### YOUR INSTRUCTIONS
Nothing but the lines below, from the first through the line containing "Two ROBERT FULTON Original Hand", should be set down, each one exactly and without pictures.

### DATASET SECTION
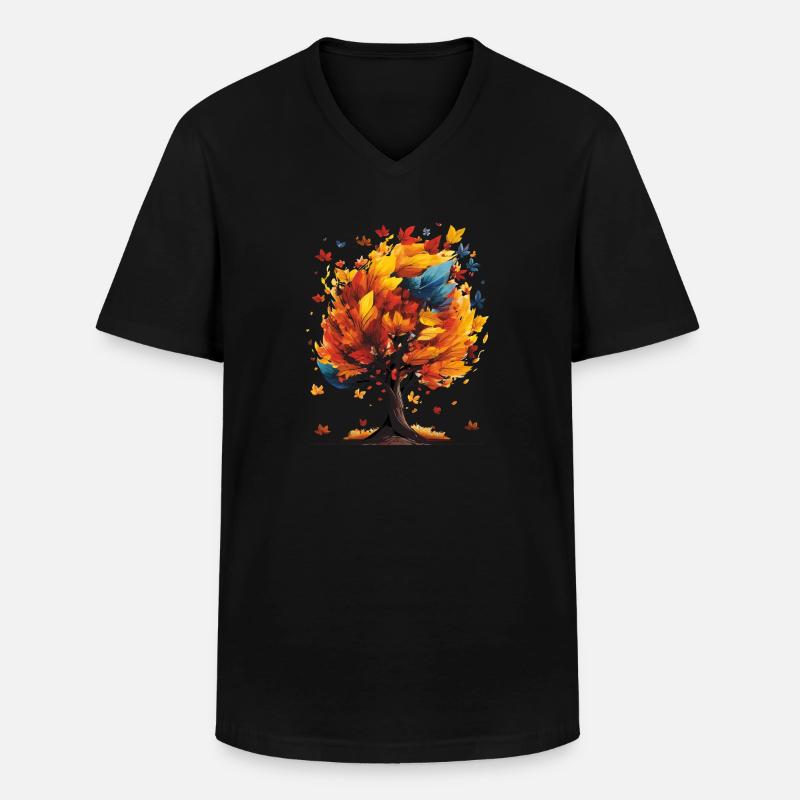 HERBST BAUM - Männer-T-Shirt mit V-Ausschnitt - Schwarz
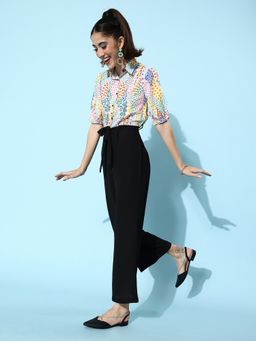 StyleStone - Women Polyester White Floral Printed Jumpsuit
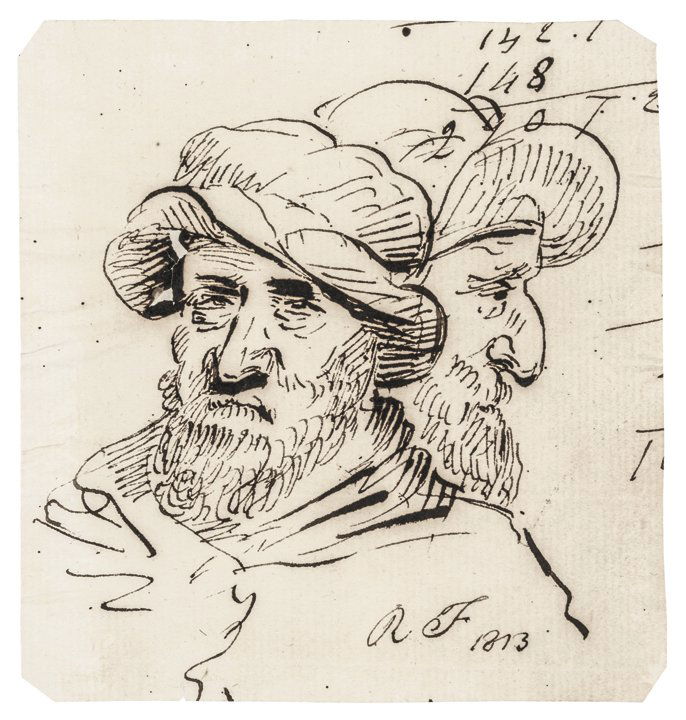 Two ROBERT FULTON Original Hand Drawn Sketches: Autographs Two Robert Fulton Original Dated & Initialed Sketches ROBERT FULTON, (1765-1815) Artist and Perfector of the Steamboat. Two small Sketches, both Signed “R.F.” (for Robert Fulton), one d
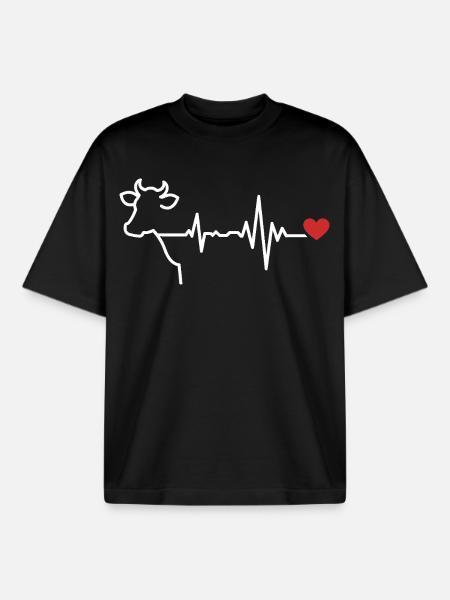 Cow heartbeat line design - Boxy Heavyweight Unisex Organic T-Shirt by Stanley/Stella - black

### ANSWER TO THIS PROBLEM
 HERBST BAUM - Männer-T-Shirt mit V-Ausschnitt - Schwarz
 StyleStone - Women Polyester White Floral Printed Jumpsuit
 Two ROBERT FULTON Original Hand Drawn Sketches: Autographs Two Robert Fulton Original Dated & Initialed Sketches ROBERT FULTON, (1765-1815) Artist and Perfector of the Steamboat. Two small Sketches, both Signed “R.F.” (for Robert Fulton), one d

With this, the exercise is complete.